Belfast, Northern Ireland
Reuters

Belfast’s High Court ruled on Wednesday that a law introduced by Britain to offer conditional amnesties to ex-soldiers and militants involved in the region’s decades of violence is in breach of the European Convention of Human Rights.

The law, introduced last year to offer immunity from prosecution for those who cooperate fully with a new investigative body, sparked more than 20 legal challenges in Northern Ireland, mostly from victims’ families, who said it contravenes the ECHR and a 1998 peace deal that ended the three decades of bloodshed.


A supporter of relatives and victims of the conflict known as ‘The Troubles’ in Northern Ireland, holds a sign, at the Royal Courts of Justice ahead of a High Court judgment in a landmark legal challenge to the UK government’s Troubles Legacy Act, in Belfast, Northern Ireland, on 28th February, 2024. PICTUre: Reuters/Clodagh Kilcoyne

“I am satisfied that immunity from prosecution provisions under Section 19 of the Act are in breach of the lead applicant’s rights pursuant to Article 2 of the ECHR. I am also satisfied that they are in beach of Article 3 of the ECHR,” Judge Adrian Colton told the court in a 200-page judgment.

“There is no evidence that the granting of immunity under the Act will in any way contribute to reconciliation in Northern Ireland.

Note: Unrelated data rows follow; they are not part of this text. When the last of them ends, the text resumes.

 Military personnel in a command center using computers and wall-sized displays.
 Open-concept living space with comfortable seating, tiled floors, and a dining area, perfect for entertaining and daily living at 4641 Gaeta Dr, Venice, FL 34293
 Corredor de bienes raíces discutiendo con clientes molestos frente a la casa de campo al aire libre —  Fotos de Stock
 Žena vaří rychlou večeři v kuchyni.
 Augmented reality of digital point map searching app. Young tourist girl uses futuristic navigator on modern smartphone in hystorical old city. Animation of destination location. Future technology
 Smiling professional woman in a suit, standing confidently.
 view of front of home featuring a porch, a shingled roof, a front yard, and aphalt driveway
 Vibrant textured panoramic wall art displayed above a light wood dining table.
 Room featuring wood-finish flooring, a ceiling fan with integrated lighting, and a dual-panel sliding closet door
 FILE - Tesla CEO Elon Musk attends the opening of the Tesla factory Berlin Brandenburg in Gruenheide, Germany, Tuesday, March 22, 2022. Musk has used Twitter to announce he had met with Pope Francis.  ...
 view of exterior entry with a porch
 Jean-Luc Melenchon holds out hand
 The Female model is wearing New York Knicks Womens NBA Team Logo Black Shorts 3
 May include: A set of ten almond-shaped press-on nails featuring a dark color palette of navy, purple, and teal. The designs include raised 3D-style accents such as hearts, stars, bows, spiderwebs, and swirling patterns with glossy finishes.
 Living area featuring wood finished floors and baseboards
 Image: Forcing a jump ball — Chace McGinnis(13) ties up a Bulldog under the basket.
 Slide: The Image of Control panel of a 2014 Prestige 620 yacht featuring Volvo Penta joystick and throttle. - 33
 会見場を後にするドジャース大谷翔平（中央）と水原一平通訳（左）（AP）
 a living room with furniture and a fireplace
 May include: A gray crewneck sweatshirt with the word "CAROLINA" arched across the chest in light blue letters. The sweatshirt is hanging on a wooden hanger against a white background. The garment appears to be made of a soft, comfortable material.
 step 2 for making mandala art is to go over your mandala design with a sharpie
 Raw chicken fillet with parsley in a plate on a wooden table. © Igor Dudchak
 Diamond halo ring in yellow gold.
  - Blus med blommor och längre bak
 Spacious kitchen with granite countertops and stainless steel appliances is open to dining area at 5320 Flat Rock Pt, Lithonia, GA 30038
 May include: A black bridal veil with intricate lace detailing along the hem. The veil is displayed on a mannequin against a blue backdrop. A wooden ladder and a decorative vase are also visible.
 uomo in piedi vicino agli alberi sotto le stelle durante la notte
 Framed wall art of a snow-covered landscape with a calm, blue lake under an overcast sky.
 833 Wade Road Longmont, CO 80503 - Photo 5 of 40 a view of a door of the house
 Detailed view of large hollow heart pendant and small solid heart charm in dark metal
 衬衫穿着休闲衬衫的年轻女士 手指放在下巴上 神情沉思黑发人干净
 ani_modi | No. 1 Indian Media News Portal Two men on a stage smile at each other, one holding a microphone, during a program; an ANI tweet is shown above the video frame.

Indeed, the evidence is to the contrary.”

The ruling can be challenged in Northern Ireland’s Court of Appeal and should that fail, the UK Supreme Court. The more than 20 challenges were condensed down to lead cases that were ruled on on Wednesday.



Victims’ families, human rights organisations and all major political parties in Northern Ireland – both British unionist and Irish nationalist – oppose the law. The Irish Government is mounting a separate legal challenge against Britain over it.

Lawyers for the applicants told the court in November that victims’ families who had been seeking justice for decades had suffered “a form of secondary trauma.”

Britain has defended the law, saying prosecutions linked to the events of up to 55 years ago are increasingly unlikely. A lawyer for the government argued that the law was a “logical outworking” of the 1998 Good Friday Agreement and could draw a line under the conflict.

Around 3,600 people died in three decades of confrontation between Irish nationalist militants seeking a united Ireland, pro-British “loyalist” paramilitaries and the British military.